The issue, which shouldn’t have been an issue, was a resolution written by Interim President Gordon Lamb at the suggestion of Curator Bo Fraser of Columbia. The Columbia Daily Tribune reported that it calls for “academic freedom in teaching and research” and concludes, “The Board of Curators reaffirms its unwavering commitment to the principles of academic freedom and intellectual inquiry.”
The Missourian’s headline asserted “Curators support Lamb’s position on stem cell work.” Well, not exactly. Instead, according to reports in the two dailies and the campus newspaper, The Maneater, the university’s policymakers squabbled over not only the language and intent of the resolution but even the manner of its introduction. The Maneater quoted Curator David Wasinger as being angry that it was introduced as a surprise: “What disturbs me is that you guys are too embarrassed to put this on the agenda,” he said.
My guess is that the tactic didn’t result from embarrassment but from calculation of the forces now at work in the Blunt-dominated board. President Lamb and his supporters no doubt understand that Blunt appointees Wasinger, John Carnahan and Doug Russell didn’t like Lamb’s courageous statement supporting university researchers’ right to pursue stem cell research. They must have suspected that prior notice would have provided the opportunity for behind-the-scenes maneuvering to weaken or thwart the resolution. In the end, Curator Russell, acting more like the chairman of the state Republican Party, which he is, than the university advocate he should be, voted against the resolution. Curators Wasinger and Carnahan abstained.
Look at the language of the resolution, which never mentions any specific form of research or intellectual inquiry, and ask yourself how anyone qualified to be a curator could refuse to support it. Now ask whether there could possibly be any connection to Chancellor Brady Deaton’s report at that same meeting that some “major institution” is trying to raid some of our most productive researchers. Big money is being offered, he said.
The flagship campus is cannibalizing itself to the tune of $7 million in hopes of matching monetary inducements. But Faculty Council Chairman Frank Schmidt noted in a Maneater report that “Compete Missouri” has its own costs, in the form of fewer faculty. Prof. Schmidt also said what administrators whose jobs aren’t protected by tenure may be reluctant to say, “Political interference is political interference.”

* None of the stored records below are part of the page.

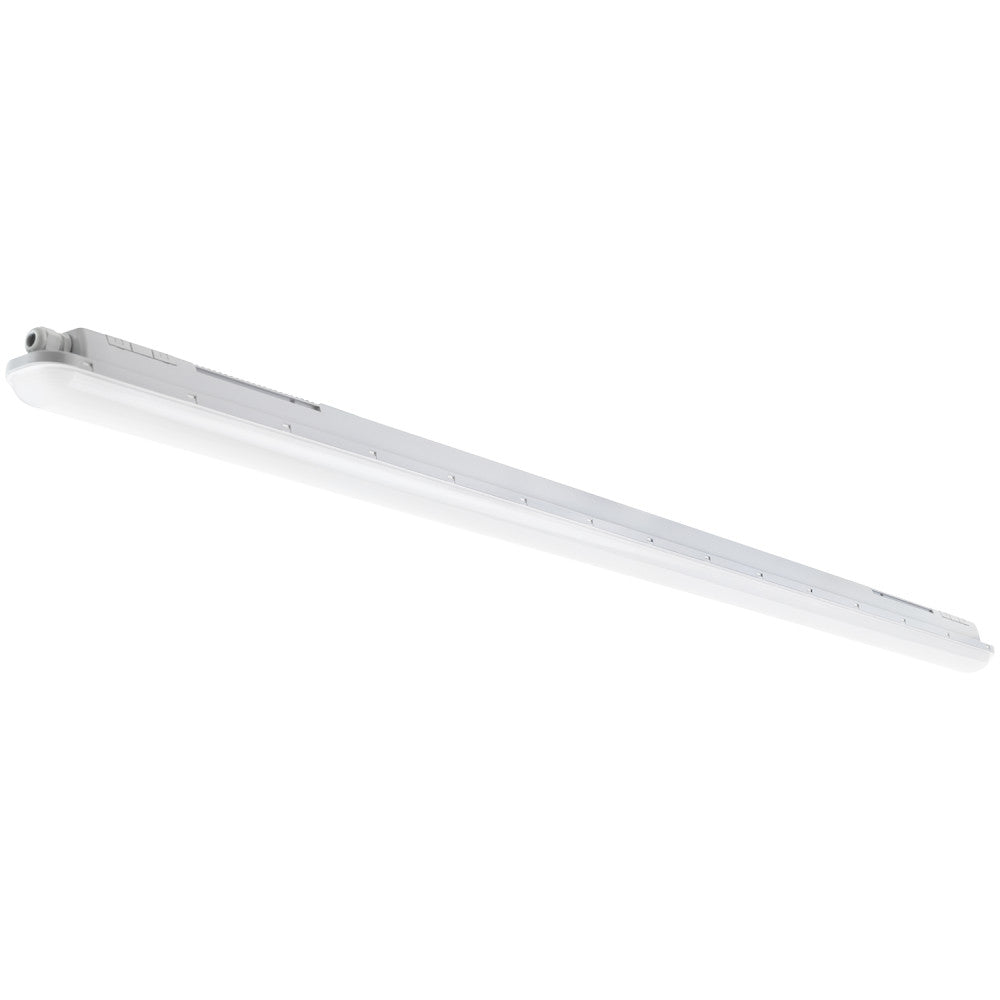Equipo Estanco LED 50W, Enlazable 5000Lm, IP65, 6500K, 120º, — Vetonek (7)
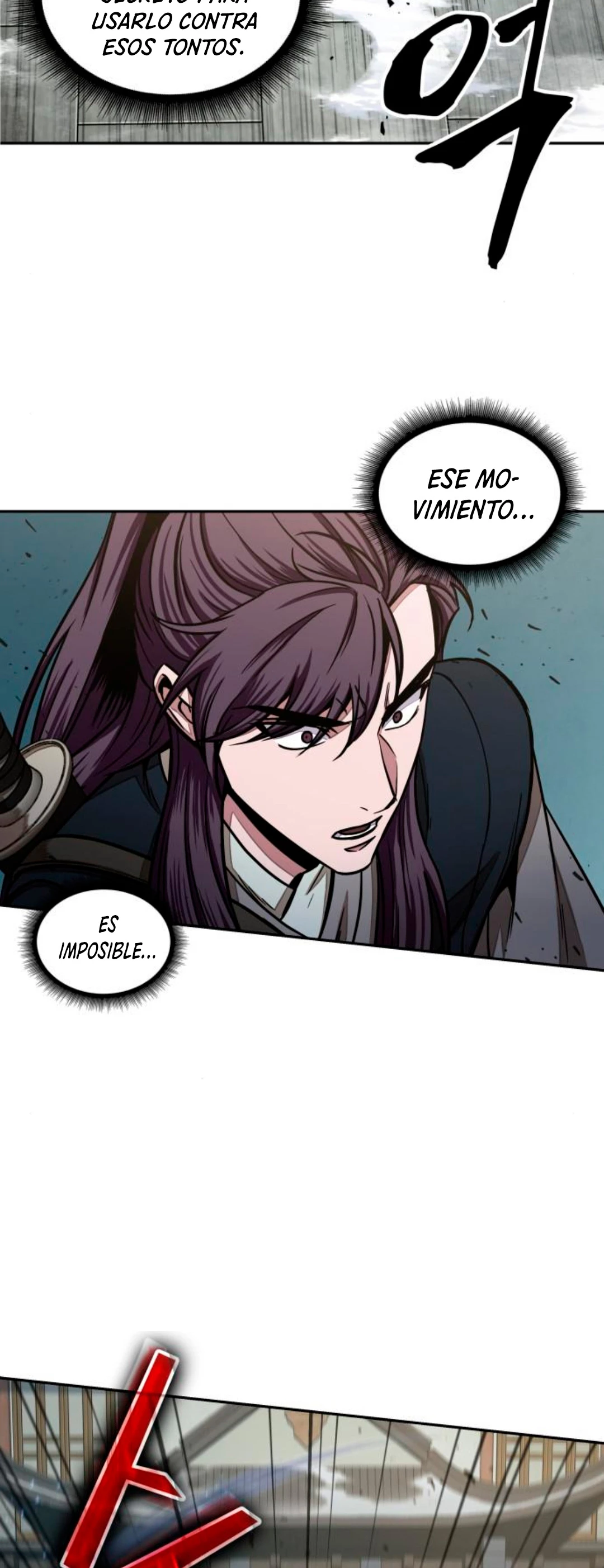 El Despiadado Demonio Celestial Capítulo 97 - Page 21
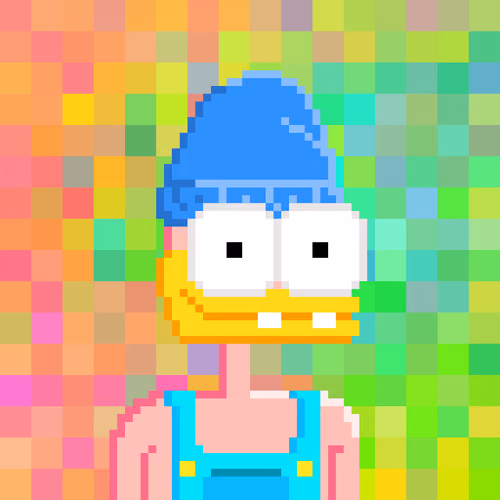 SupDuck 8269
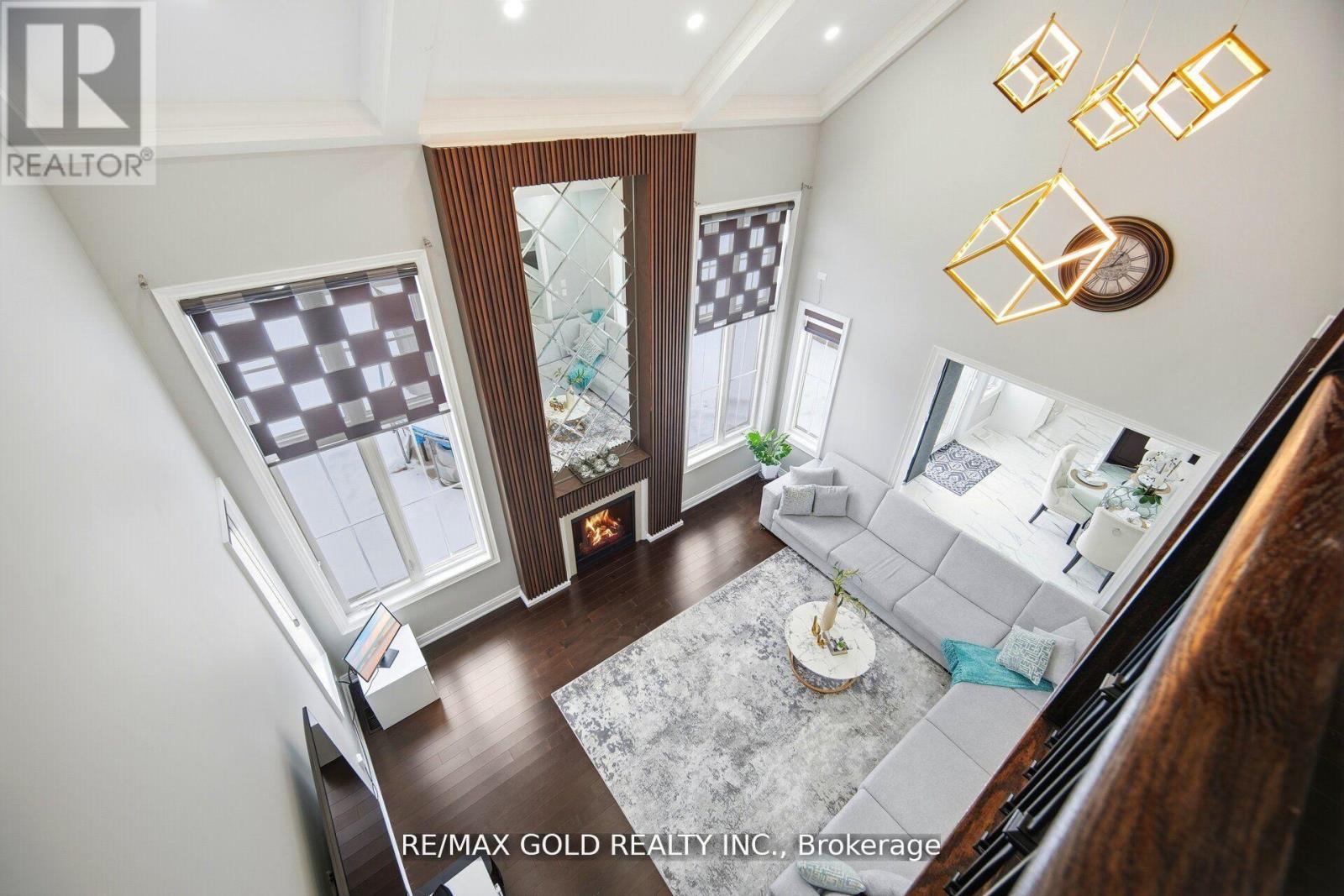6 Hagerman Road, Brampton, Ontario  L6P 4C1 - Photo 25 - W13248722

Missourians have come to expect political interference in education from our legislators. Coming from within the board of curators, though, it’s more worrisome.
Call me an idealist, but I’ll argue that for most faculty members big money is really less important than that “unwavering commitment to the principles of academic freedom and intellectual inquiry.”
When the commitment wavers, we’re at risk of losing more than just a few scientists. The real risk is to the core values of the university.
George Kennedy is a former managing editor at the Missourian and professor emeritus at the Missouri School of Journalism.